FDA approves new cochlear implant
FDA: Implanted Hearing Device Approved
HealthDay News -- The FDA has approved the first implantable device for adults with severe bilateral sensorineural hearing loss at middle and high frequencies, but who have the ability to hear low-frequency sounds unaided.
The Nucleus Hybrid L24 Cochlear Implant System combines features from conventional cochlear implants with those of hearing aids, the agency said in a press release. The devices includes an external microphone and speech processor that is inserted into the ear canal and then transmits signals to an inner-ear implant.
Sensorineural hearing loss, the most common type, occurs when the inner ear's cochlea is damaged. Aging, heredity, loud noise, certain drugs and some types of illness are common causes.
Symptoms of sensorineural hearing loss may include difficulty hearing faint sounds, problems understanding people with higher-pitched voices, and inability to hear high-pitched sirens, such as those emitted by a smoke detector or ambulance.
The device is indicated for implant in only one ear, and is restricted to patients for whom standard hearing aids are ineffective.
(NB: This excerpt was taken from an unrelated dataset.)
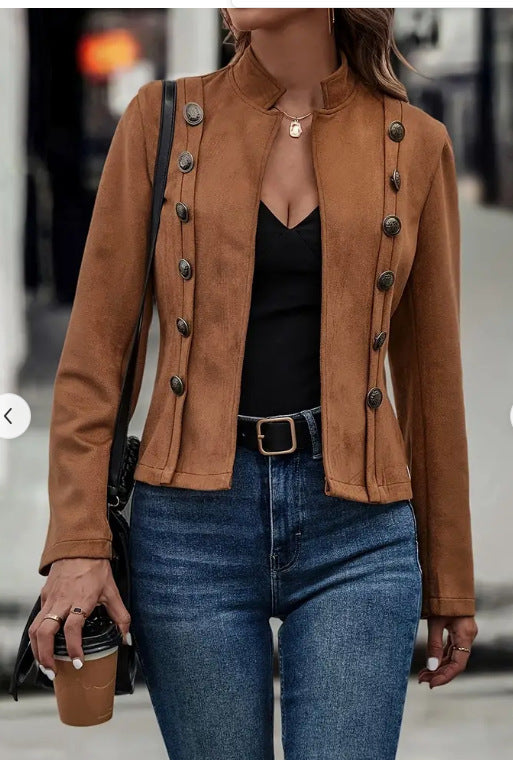 Damen modische Suedejacke mit steigendem Kragen und Knöpfen EB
"This device may provide improved speech recognition for people with this kind of hearing loss, who have limited treatment options," Christy Foreman, director of the agency's Office of Device Evaluation, said in a press release.
Approval was based on results from clinical studies involving 50 people with severe to profound high-frequency hearing loss in which participants' pre-implant baseline hearing ability served as the control. Most patients reported improvements in their ability to understand speech.
Common adverse reactions included low-frequency hearing loss, ringing in the ears (tinnitus), electrode malfunction, and dizziness. Among the 50 patients that participated in the study, 22 experienced profound or total loss of low-frequency hearing in the ear containing the implant, and six underwent revision surgery to replace the device with a conventional cochlear implant.
However, the FDA concluded that the potential benefits of the device outweigh the risks for patients who continue to have inadequate hearing with ordinary hearing aids.
"Prospective patients should carefully discuss all benefits and risks of this new device with their physician," the agency said.
The device is produced by Cochlear Ltd., based in Australia.